An exponential function, like the one in this problem, is a mathematical function where a constant base is raised to a power or exponent. In this case, we are exploring the function \(y = 2^x\). This indicates that whatever value is selected for \(x\), the function's output is "2" raised to that power.
Exponential functions are fascinating because they model rapid growth or decay.

• In our example, if \(x = 1\), then the function outputs \(y = 2^1 = 2\).
• If \(x = 2\), it becomes \(y = 2^2 = 4\).
• As \(x\) increases, \(y\) grows at an accelerating pace.

This property makes exponential functions incredibly useful in real-world contexts, such as calculating population growth or compound interest in finance.
They visually resemble a J-shaped curve ascending steeply on a graph, especially as \(x\) increases.

Sometimes, it's necessary to convert units to solve a problem correctly and maintain consistency.
In this exercise, we're required to convert units from feet to inches and from inches to miles.
For distance, we know:

• 1 foot = 12 inches
• 1 mile = 63,360 inches

When a problem involves multiple units, ensuring everything is in alignment is key to getting the right answer.
In our case, starting with 2 feet and converting it to inches gives 24 inches.
Similarly, once we have a distance in inches, we can calculate its equivalent in miles, like converting 16,777,216 inches to about 265 miles.

When we plot functions such as \(y = 2^x\) or \(y = \log_2 x\) on a coordinate plane, it helps us visualize their behavior.
A coordinate plane consists of a horizontal axis (x-axis) and a vertical axis (y-axis), allowing us to chart the relationship between two variables.

• The x-axis generally represents the input values.
• The y-axis shows the calculated values or outputs.
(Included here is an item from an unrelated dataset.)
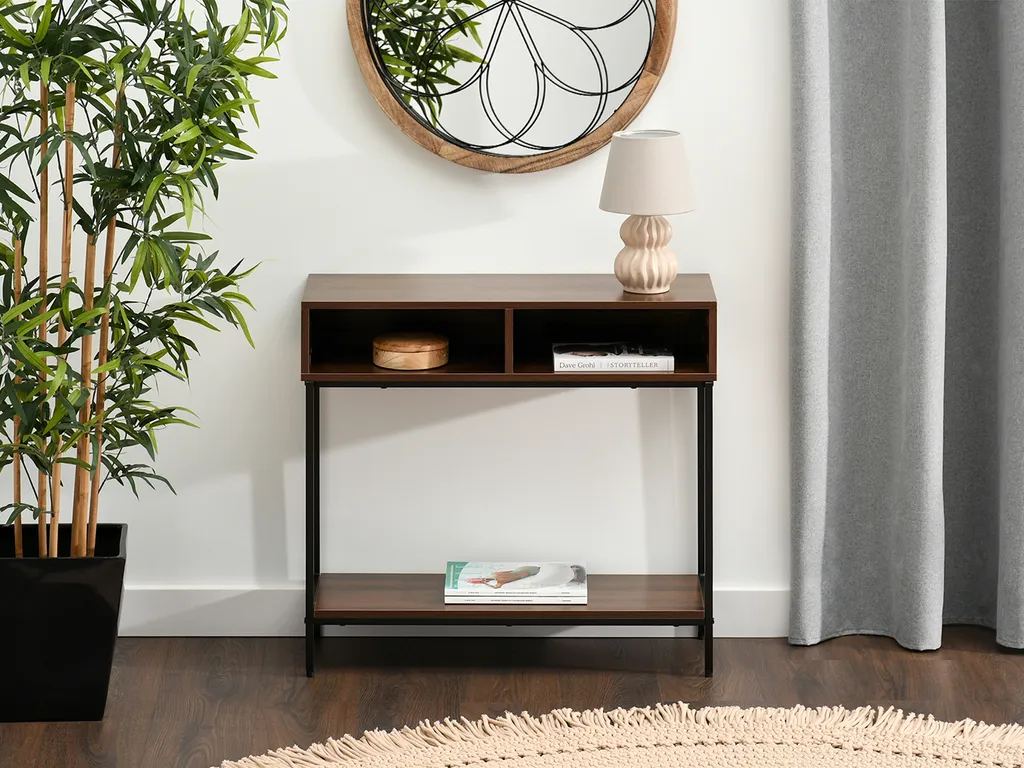 Console JIGME Noir et Noyer - Optimisez vos Petits Espaces avec Style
This setup provides an effective way to understand how these mathematical functions grow and change.
In our example, we observe that as we move right on the x-axis, our exponential graph climbs rapidly vertically, showing expansive growth.
The logarithmic graph, meanwhile, gradually increases, displaying slower growth over a vast distance.
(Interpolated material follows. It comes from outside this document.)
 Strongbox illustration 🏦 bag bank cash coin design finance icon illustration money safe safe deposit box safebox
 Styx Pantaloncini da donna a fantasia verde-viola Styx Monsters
Logarithms are the inverse operations of exponentiation.
When dealing with a logarithm base 2, we're asking, "To what power must 2 be raised to achieve a certain number?" In mathematical terms, for the logarithm \(\log_2 x = y\), it means that \(2^y = x\).In this exercise's context, we want to know the value of \(x\) such that the graph reaches a height of 24 inches.
This forms the equation \(\log_2 x = 24\), which can be rewritten in exponential format as \(x = 2^{24}\).

• The answer to this is a substantial number, 16,777,216.
• This demonstrates how logarithmic growth continues increasing but at a decreasing rate compared to exponential growth.

Logarithmic functions like \(y = \log_2 x\) are frequently used in fields such as information technology and science to quantify processes occurring over a wide range of scales.